If you are lucky enough to find fresh white aspartagus, don't hesitate and buy them all! You'll have to peel them, the outer layers are tough. Cook in water until tender. If all you can find is canned asparagus, buy them, they are still good. Either way, cool the asparagus before eating. They taste better when cool. 

Make a vinaigrette with three parts oil to one part vinegar. Add a bit of moutarde de Dijon if you like. Don't forget the salt and pepper. Pour over the cool asparagus.


Voila!


----------



## mudbug (Dec 30, 1999)

Isa,

Sounds delicious! What would be the difference if you used green asparagus.

I'll have to grow my own white asparagus next year.


----------



## isa (Apr 4, 2000)

CChiu,


Green and white asparagus obviously have different taste.  If you can't find tyhem fresh, try to get imported white asparagus in a glass jar. If all fail, buy them canned but don't forget to cool them before eating.

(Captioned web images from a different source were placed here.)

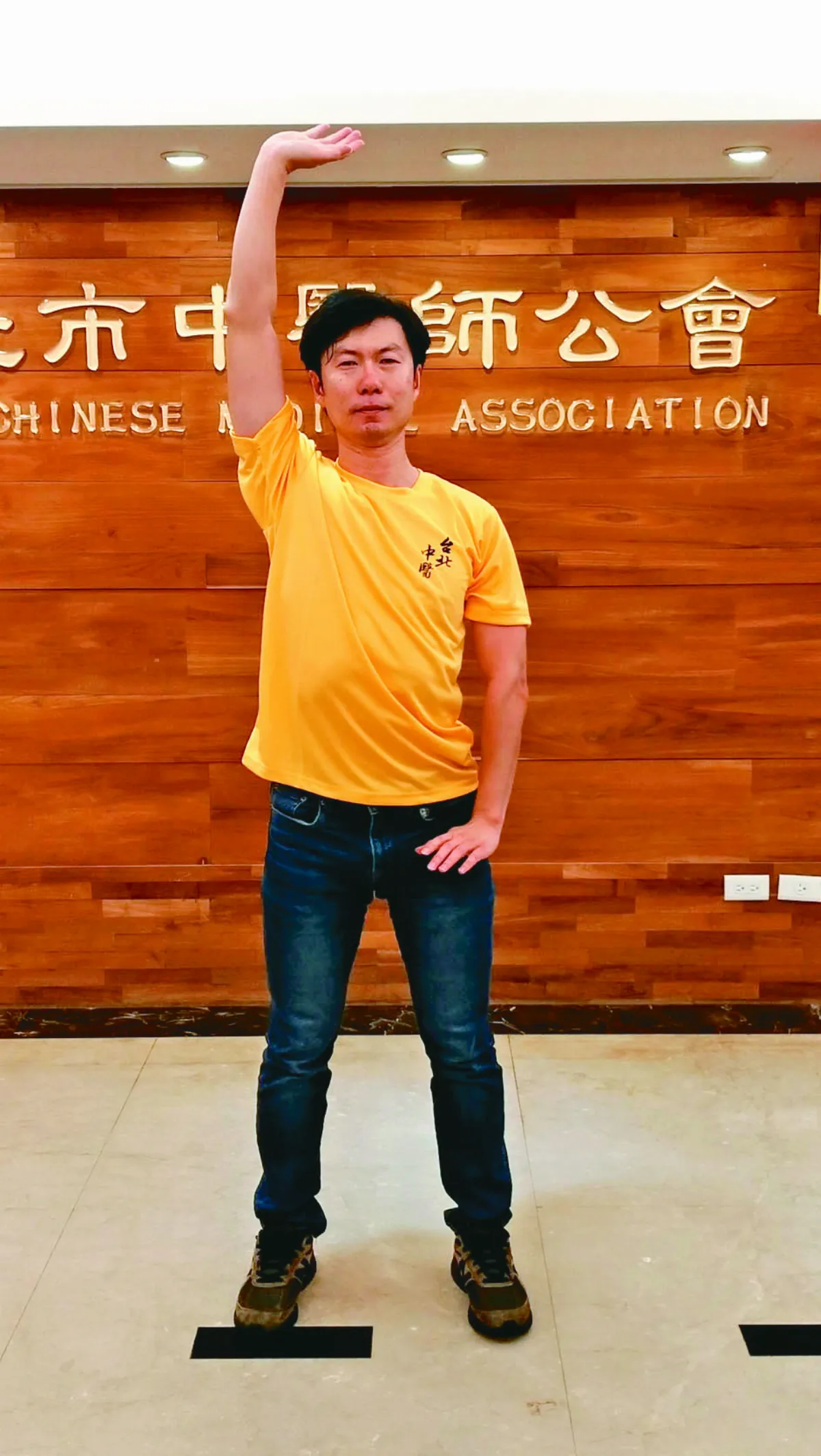 【中醫專欄】一起找回進食的愉悅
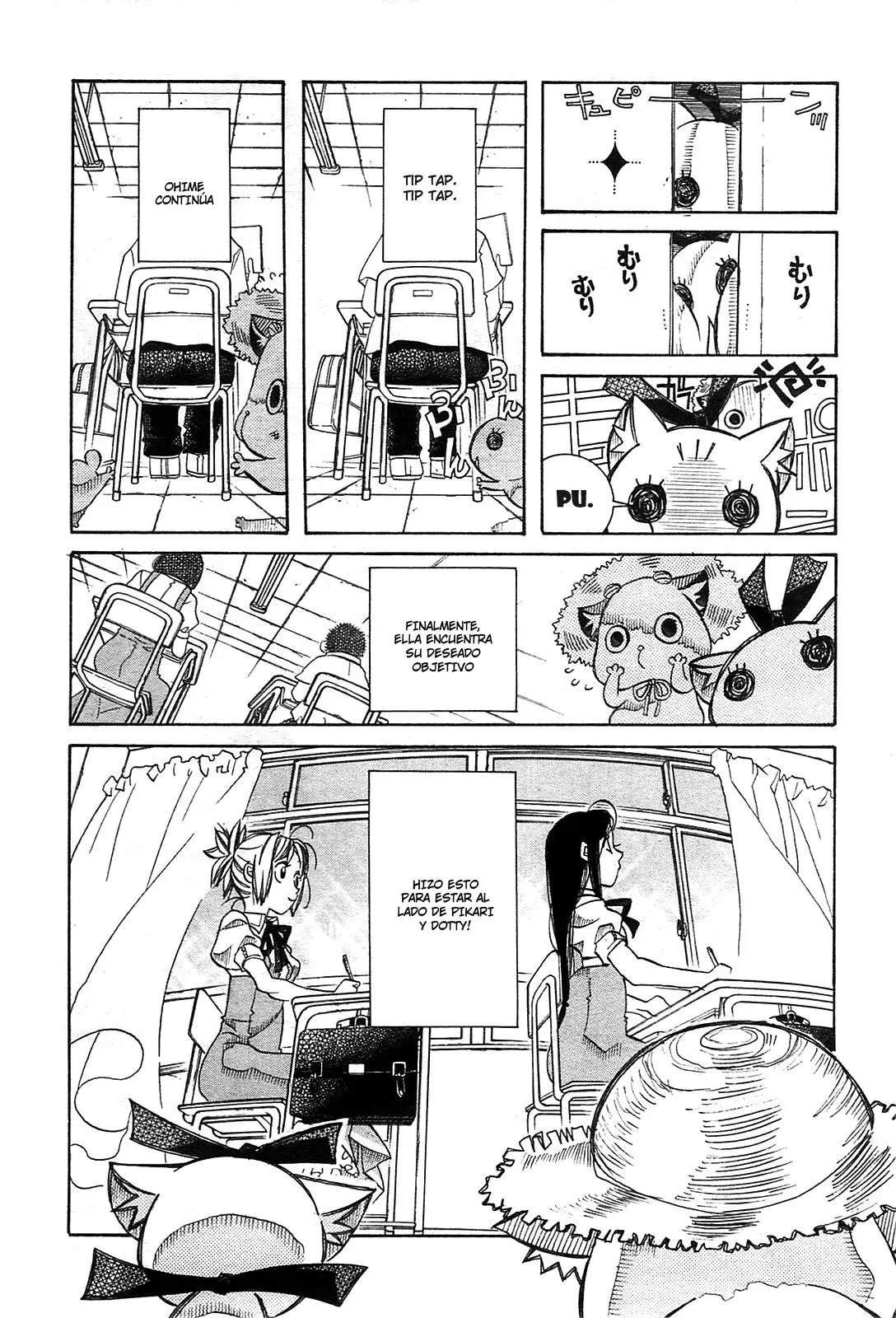 Amanchu! capítulo 20, página 19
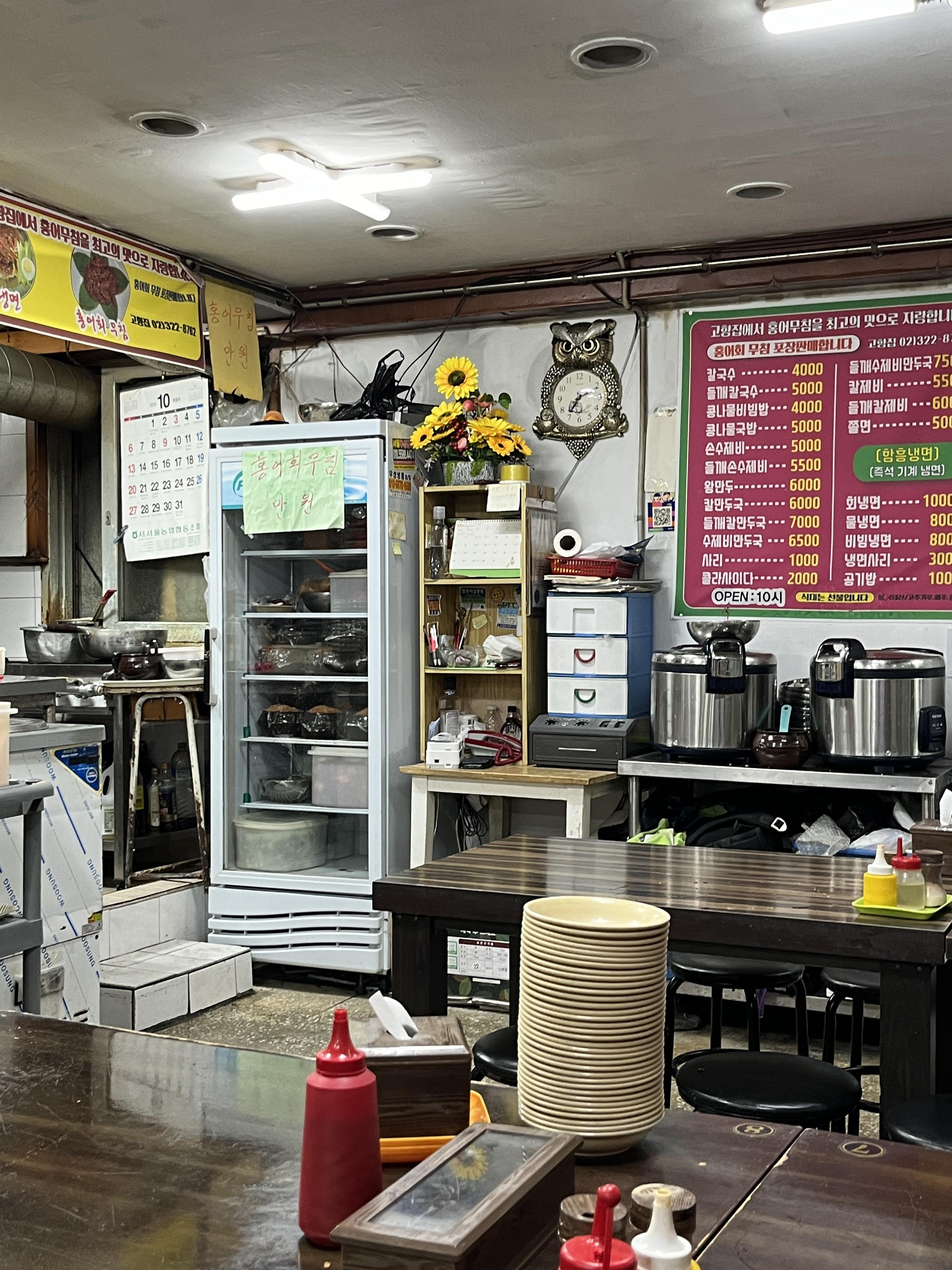 망원시장 칼국수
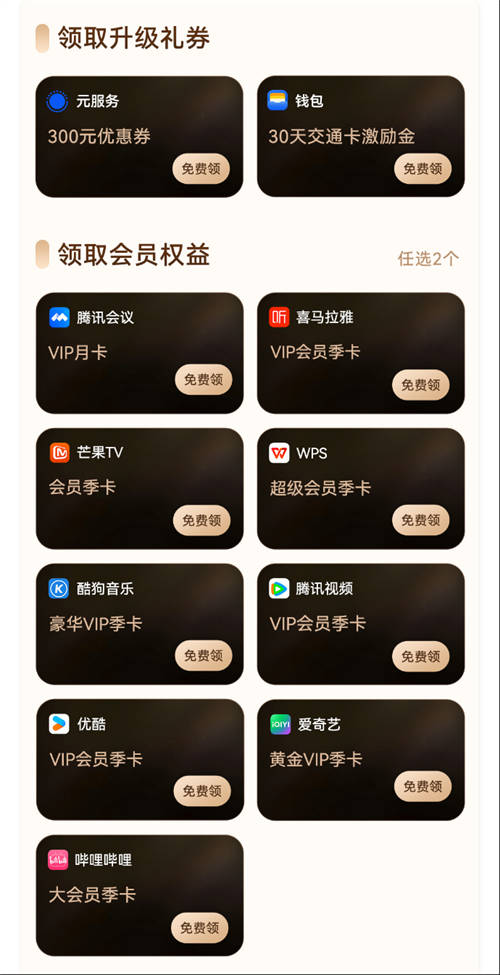 “鴻蒙有禮”先鋒權(quán)益禮包今日新增騰訊會議會員月卡，你領(lǐng)了嗎？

Sorry I forgot the muffin recipe yesterday. I always cut the sugar by about 40%-50% in this recipe. 


Apple Pecan Muffins
12 Muffins

1 1/4 cups flour
1 teaspoon baking soda
1/2 teaspoon cinnamon
1/8 teaspoon salt
3/4 cup sugar
1/2 cup vegetable oil
1 egg
2 tablespoons lemon juice
1 1/2 teaspoons vanilla
3/4 teaspoon lemon zest
2 cups green apples, coarsely chopped
1/2 cup pecans, chopped and toasted

Preheat the oven to 350°F. Grease the muffin cups. Sift the flour, baking soda, cinnamon and salt into a medium bowl. Combine sugar, oil, egg, lemon juice, vanilla and lemon peel in a large bowl; whisk to blend. Mix in the dry ingredients, then the apples and pecans. Spoon 1/3 cup batter into each prepared muffin cup. Bake until tester inserted into centres comes out clean, about 35 minutes. Turn muffins out onto rack; cool slightly. Serve warm.

Bon Appétit!


----------



## shroomgirl (Aug 11, 2000)

CCHIU~ there are alot of white asparagus growers right across the border in Illinois. The are in the main grocery stores....seems like I saw some recently....probably SA imports....
white asp can be bitter....the textural difference in canned/jarred and fresh is what you'd expect.
They are a treat to those that like them.


----------



## isa (Apr 4, 2000)

Just make sure to peel the asparagus, before cooking.


----------



## bobtheman (Apr 13, 2015)

Shimmer said:


> First of all, Nancya- recipe for chocolate orange cake please! Are there even other ingredients in the world that cause such massive cravings as the combo of chocolate and orange? I even add orange extract to my brownies....
> 
> Okay, here is the recipe for aggression cookies. I've had it since I was about 8, from a cookbook my Mom bought called "Cooking for Kids" or something like that. It has always been my favorite!!
> 
> ...


are these like oatmeal cookies?


----------



## luis de vence (Jun 5, 2015)

Italian sausage dumplings in a brown butter and oregano sauce (this is my comfort food)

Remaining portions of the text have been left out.